Repeat each entry word for word; the images are not part of the copy.

Start of Input records

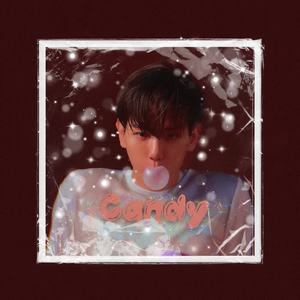 Candy (翻自 边伯贤)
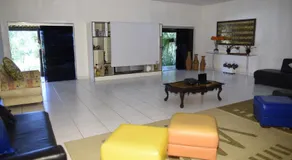 Rosa Spa e Pousada - Image 5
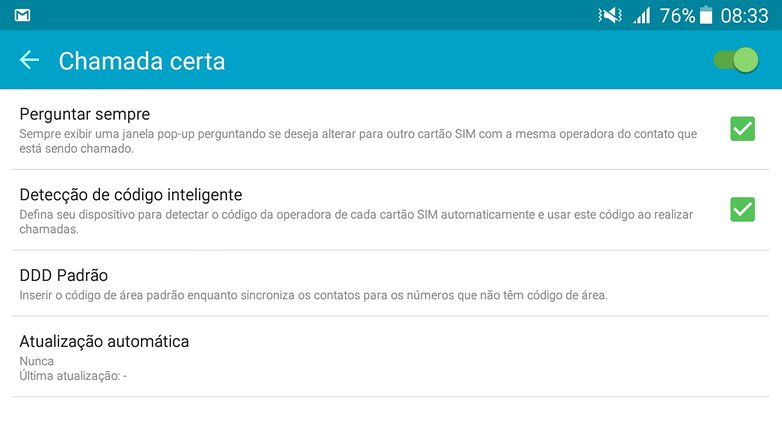 recursochamadacertagalaxy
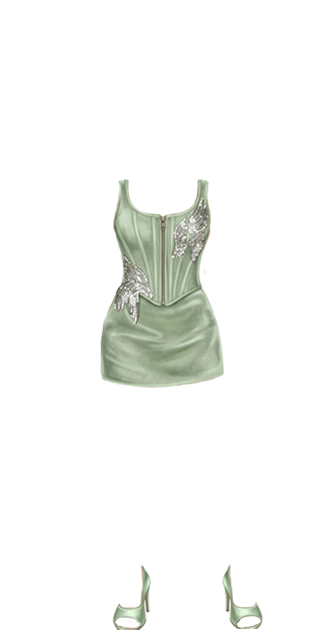 Taylor Swift 2026 iHeartRadio Awards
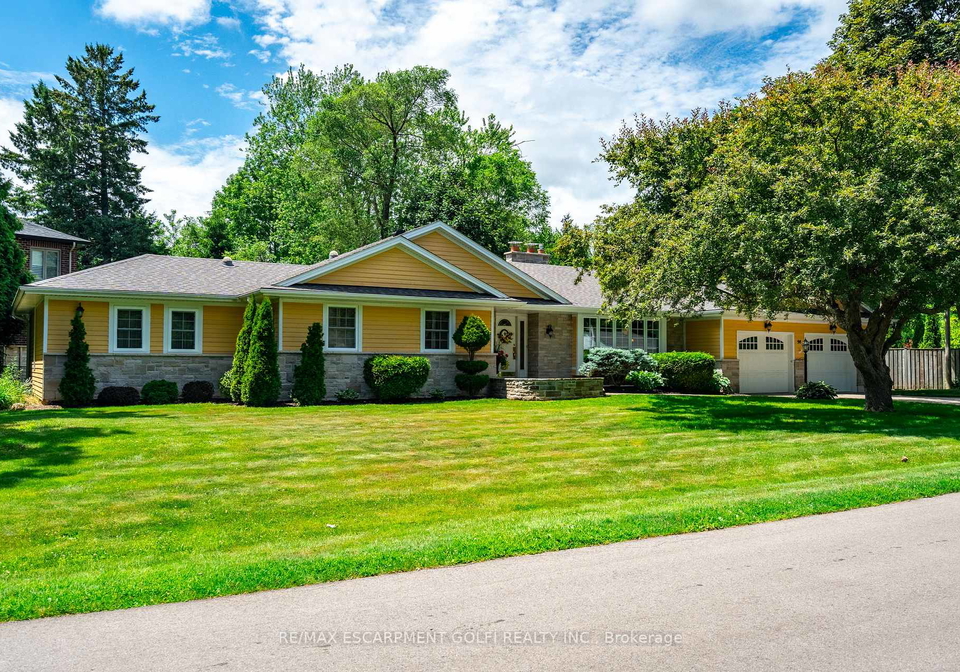 98-hadley-drive-hamilton-ontario-x12836630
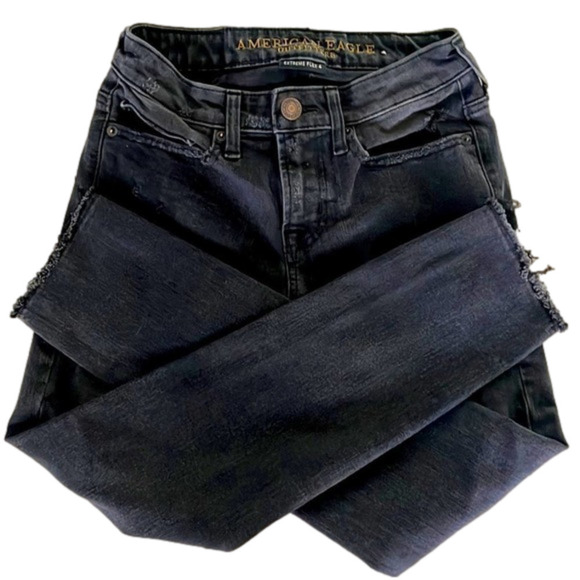 American Eagle Extreme Flex - Picture 9 of 11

End of Input records

Reply to the exercise:
 Candy (翻自 边伯贤)
 Rosa Spa e Pousada - Image 5
 recursochamadacertagalaxy
 Taylor Swift 2026 iHeartRadio Awards
 98-hadley-drive-hamilton-ontario-x12836630
 American Eagle Extreme Flex - Picture 9 of 11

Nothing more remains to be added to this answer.